# Essential Depot soap mold worth it?



## Lynusann (Jul 1, 2015)

Has anyone used the stackable mold/wire basket combo from Essential Depot? Just wondering if it's even worth the sale price they have on it right now?


----------



## not_ally (Jul 1, 2015)

I love mine.  They are on the big side side for hobbyists, but I really like them when I am making bigger batches or want a size that is good for cutting horizontally and then vertically, as with Taiwan swirls.  I think some people have had problems CPOPing in them (Irish Lass, maybe?) but they have been fine for me in that respect.  

I almost always CPOP and I have a little, kind of crappy convection oven that I use for it which goes down to 150 and is not v. well insulated, ironically I think that helps w/maintaining a temp level which forces gel quickly w/o creating bubbles/blisters.  But if you CPOP a lot blistering might be something to think about w/those.


----------



## Cindy2428 (Jul 1, 2015)

At $11.25 I think they are totally worth it - especially if you are limited on space, (as most of us are).
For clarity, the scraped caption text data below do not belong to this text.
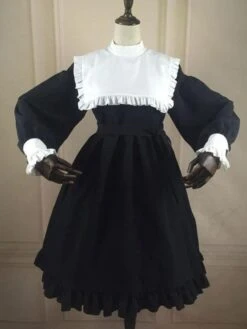 Classic Lolita OP Dress Color Block Frill Lolita One Piece Dresses -AYA Cosplay Shop 20200117144223842649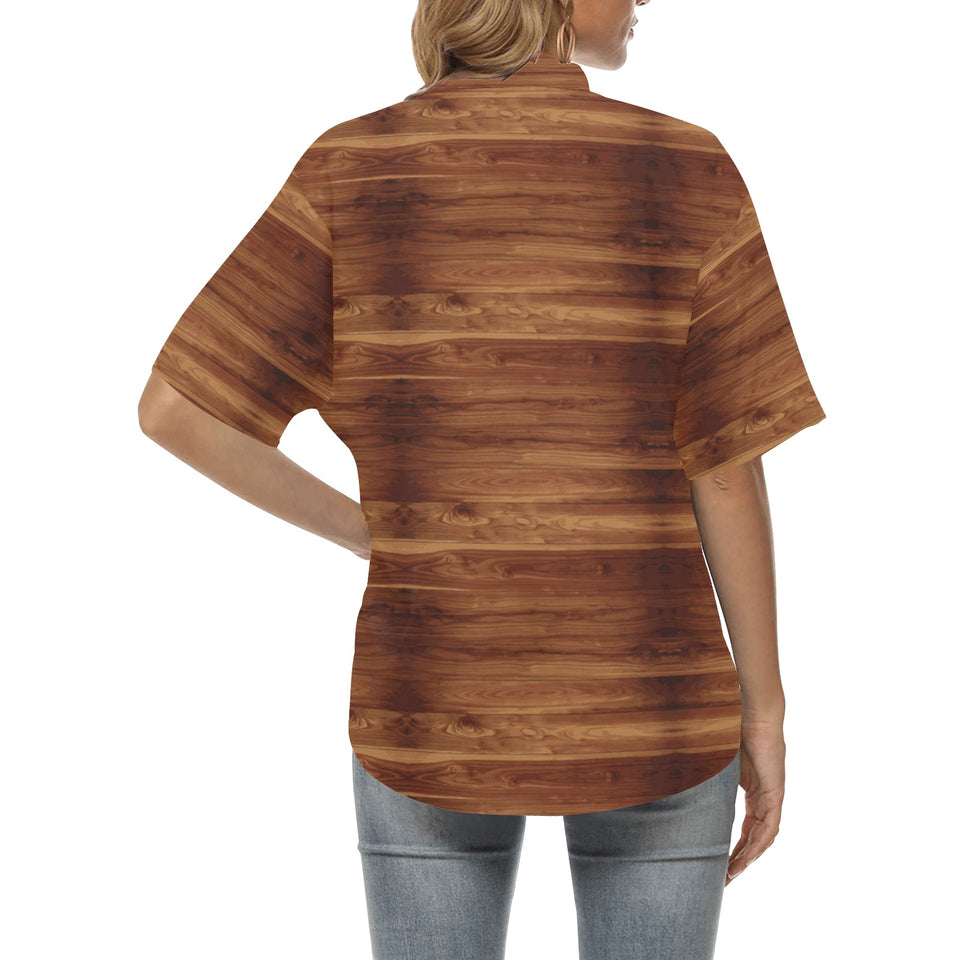 Wood Printed Pattern Print Design 04 Women's All Over Print Hawaiian Shirt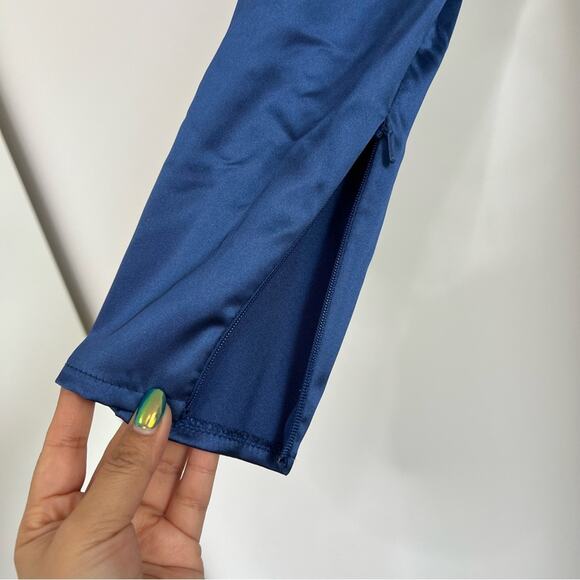 Mac Duggal 26613 Satin V Neck Long Sleeve Pleated Gown - Picture 6 of 10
The basket is well made, it prevents bowing; I love the handles and I've stacked them 3 high on a sturdy table.

Yes,  the box the molds are stored in act as a free support, but they get yucky really quickly.
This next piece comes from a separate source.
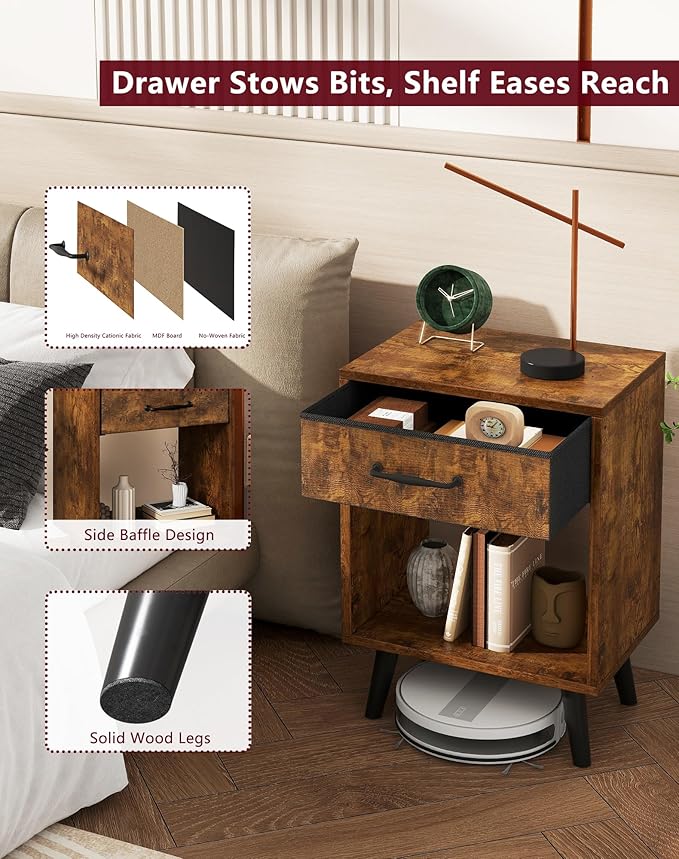 YMYNY Nightstand Set of 2, Bedside Table, Side Table with Fabric Drawer, Handle and Open Compartment, Solid Wood Legs, Wooden Coffee Table for Bedroom, Rustic Brown UHST020H-2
I can highly recommend the white, "natural" mold and the wire basket - if you can score a free shipping deal as well, than I think you have got a deal.


----------



## not_ally (Jul 1, 2015)

I just checked the site, it looked like the white mold was $12.50 and the basket was $11.99?  The mold is a great deal for that price if it works for you in other respects.  I would buy the basket too, I like the extra support and the stackability.  Can't remember exactly now, but I think I paid about $10.00 more for the combo. I would get the white one as well, the red is nice but more expensive and it seems like I might have read somewhere about some folks having problems w/color leaching.


----------



## IrishLass (Jul 1, 2015)

I have their 'natural' version. Mine gives my soap blispers and bliskers (nod to Dr. Seuss ). In other words, the surface of my CPOPed soap always comes out riddled all over with small craters. And I don't CPOP very hot either. I just barely warm my oven to 120F/48C, turn it off, and then set my mold inside and leave it overnight. I have other brands of silicone molds that I CPOP with as well, but ED's is the only one of them that does this to my soap. Thankfully, though, the blispers and bliskers aren't very deep and can be planed off with one swipe of my planer.

IrishLass


----------



## Lynusann (Jul 1, 2015)

I've only tried to CPOP my soap twice before and I didn't like how it came out in the slightest so I haven't tried it again  

I'm on the fence about getting 2 if I get any at all. I have 2 long homemade wooden loaf molds that I can make up to 12 lbs of soap in but I generally only make 6# batches in each, and I have several other silicone loaf molds that I use as well (between 3-6#'s). I guess I need to decide if I want another long loaf mold.....or just wait it out until a good slab mold goes on sale which I don't have yet.


----------



## not_ally (Jul 1, 2015)

That is so weird, IL.  I remember reading about your travails with the ED mold blispers and bliskers (loved that !) and being worried about CPOPing in them after that, but it has not been an issue.  I CPOP at 150, as I said, leave the mold in for an hour and then take it out and leave it, unless it has milks for something else that makes it hotter, then I will put it in the freezer for a bit.  I wonder if there is a problem with your mold/s in particular, ie; the silicone in that batch?  It sucks either way.  I have a feeling that you have a lot of other great molds, though


----------



## Dorymae (Jul 1, 2015)

IrishLass said:


> I have their 'natural' version. Mine gives my soap blispers and bliskers (nod to Dr. Seuss ). In other words, the surface of my CPOPed soap always comes out riddled all over with small craters. And I don't CPOP very hot either. I just barely warm my oven to 120F/48C, turn it off, and then set my mold inside and leave it overnight. I have other brands of silicone molds that I CPOP with as well, but ED's is the only one of them that does this to my soap. Thankfully, though, the blispers and bliskers aren't very deep and can be planed off with one swipe of my planer.
> 
> IrishLass



Did you read the auntie clara blog on this?  Apparently if the batter is thick the blisters dont appear. She said something about letting the soap thicken up a bit on the counter before putting into the oven, especially if you pour at emulsion or light trace.


----------



## IrishLass (Jul 1, 2015)

Dorymae said:


> Did you read the auntie clara blog on this? Apparently if the batter is thick the blisters dont appear. She said something about letting the soap thicken up a bit on the counter before putting into the oven, especially if you pour at emulsion or light trace.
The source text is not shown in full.